Le docteur Maxime Antonelli, qui exerce au sein du pôle, ne se limite pas à la médecine générale. Il a élargi ses compétences pour inclure des actes de dermatologie, de cardiologie et même d'échographie. Cette approche intégrative permet non seulement d'éviter une surcharge des spécialistes, mais également d'accélérer les diagnostics des patients. Comme le souligne le docteur Antonelli, « cela réduit le temps d'attente et donne accès à des soins adaptés rapidement », ce qui est particulièrement crucial dans les déserts médicaux.
Depuis l'an 2018, l'effectif des praticiens a triplé.
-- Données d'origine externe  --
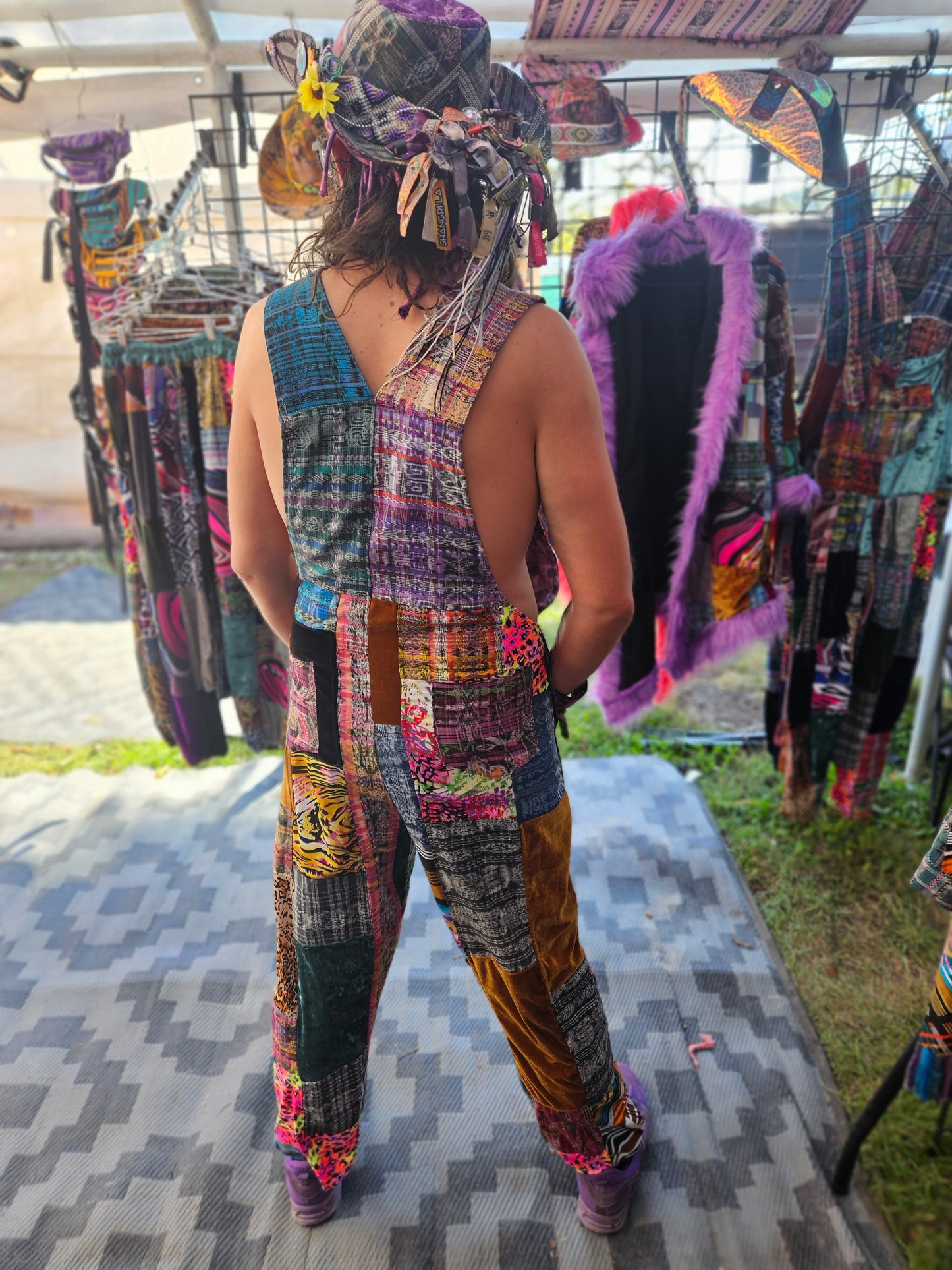 Patchwork Overalls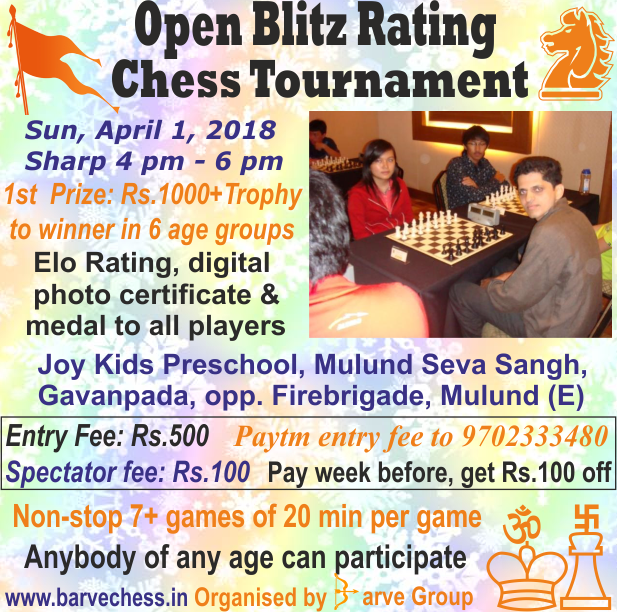 Mulund Saurabh Barve Open Blitz Chess Championship: All r eligible to participate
Le pôle regroupe différentes professions de santé, attirant des patients provenant de localités éloignées, parfois à plus de 30 minutes de route. Cette attractivité s'explique par l'offre de soins complète que le centre propose.
Les professionnels de santé, tels que les kinésithérapeutes et les infirmiers, collaborent étroitement, partageant les dossiers médicaux des patients. Tiphaine Grée, coordinatrice de la structure, insiste sur l'importance de cette dynamique : « cela évite les ruptures de parcours », confirmant ainsi l'efficacité de cette méthode alliant coopération et diversité.
Ce modèle est exemplaire : 75 autres structures en Normandie viennent d'obtenir le même label, bénéficiant d'un soutien financier de l'État à hauteur de 50 000 euros par an. La seconde vague de labellisation devrait bientôt être lancée, visant à garantir que chaque Français ait accès à un pôle de santé à moins de 30 minutes de chez lui.
Dans un contexte où le manque de médecins se fait ressentir, ce type d'initiatives est salué par les acteurs de la santé publique et pourrait bien faire école à l’échelle nationale. En effet, comme le mentionne un rapport du Ministère de la Santé, « une réponse coordonnée et localisée est essentielle pour transformer l’accès aux soins en France ».